Naqueles tempos, era frequente a utilização de pedras irregulares denominadas “pés de moleque” na pavimentação das ruas, porém, pouco a pouco, estas foram sendo substituídas por outro tipo de revestimento lítico. É interessante observar que o calçamento tipo “pé de moleque” foi mantido em vários logradouros de cidades que, hoje, são reconhecidas como tendo grande valor histórico e patrimonial, tais como Paraty e Ouro Preto. Porém, em Cantagalo, os caminhos de pedras irregulares, há décadas, cederam lugar aos paralelepípedos, que, por terem maior regularidade em suas formas, proporcionaram mais comodidade no tráfego e maior eficiência no escoamento das águas pluviais.

Mas, nas últimas décadas do século XX, a princípio de forma tímida e vacilante, um outro tipo de pavimentação foi avançando sobre os tradicionais paralelepípedos, tendo, nos últimos anos, alçado ímpeto e fôlego, tornando-se uma febre – a febre do asfalto. O revestimento asfáltico, ao sepultar as ruas de pedras, não somente apagou uma das características históricas mais marcantes da cidade, como tem protagonizado inúmeros problemas… alguns estão sendo vivenciados de imediato pela população, outros aguardam um futuro próximo, quando mostrarão sua face nefasta.

A cobertura asfáltica, por ser mais cômoda para a rodagem dos automóveis e motocicletas, faz com que a velocidade dos veículos aumente consideravelmente, necessitando de mais quebra-molas para contê-la. Tal comodidade cobra, também, alto preço em termos de aquecimento dos ambientes, pois as superfícies revestidas com asfalto absorvem 98% da radiação solar que recebem, intensificando um fenômeno, antes típico das grandes cidades, que, agora, estamos a desfrutar nas ruas do Centro: a “ilha de calor”.

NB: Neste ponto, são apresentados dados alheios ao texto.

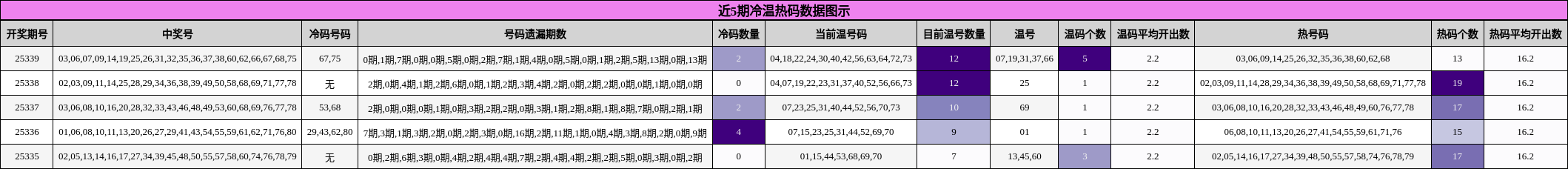 近5期冷温热码数据图示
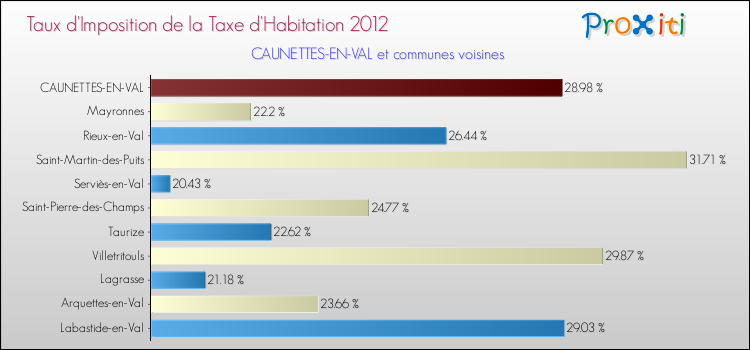 Taux d'imposition de la taxe d'habitation 2012 pour CAUNETTES-EN-VAL et les communes proches Comparaison des taux d'imposition de la taxe d'habitation 2012 pour CAUNETTES-EN-VAL et les communes voisines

A cada problema na rede pluvial (que, diga-se de passagem, não foi redimensionada para receber tal tipo de pavimentação), na rede de esgoto (que em determinadas ruas é centenária), ou mesmo no sistema de abastecimento de água, remendos são produzidos no asfalto. Com a sucessão desses necessários procedimentos de manutenção, seremos brindados, para o desfrute dos munícipes e visitantes, com um piso repleto de recortes, que mais parecerá uma colcha de retalhos.

É necessário ressaltar também que a elevação das ruas, em função da deposição da camada asfáltica, gera rebaixos, já que as tampas metálicas e os bueiros não são soerguidos em tempo hábil, e transformam-se em perigosas armadilhas aos pedestres, ciclistas e motociclistas desavisados. Sem contar que a elevação do piso, acrescida à impermeabilidade característica do material originário do petróleo, faz com que o risco de enchentes torne-se maior, exatamente numa época em que os fenômenos climáticos estão se intensificando, tornando as chuvas mais devastadoras.

Caros leitores, o arrazoado dos últimos parágrafos contempla apenas as consequências mais imediatas dessa, digamos, opção infeliz. Pois quando o presente chegar até o futuro próximo, o que assistiremos é o inexorável envelhecimento do asfalto e, em sua senilidade, legaremos às próximas gerações ruas com piso desgastado, corroído e remendado, necessitando, portanto, tragicamente, de mais asfalto na porta, para o recapeamento. 

Quem viver, verá!

*João Bôsco de Paula Bon Cardoso é professor de sociologia e geografia, coordenador de Patrimônio Cultural do Projeto Fazenda São Clemente e um dos coordenadores do Centro de Memória, Pesquisa e Documentação de Cantagalo.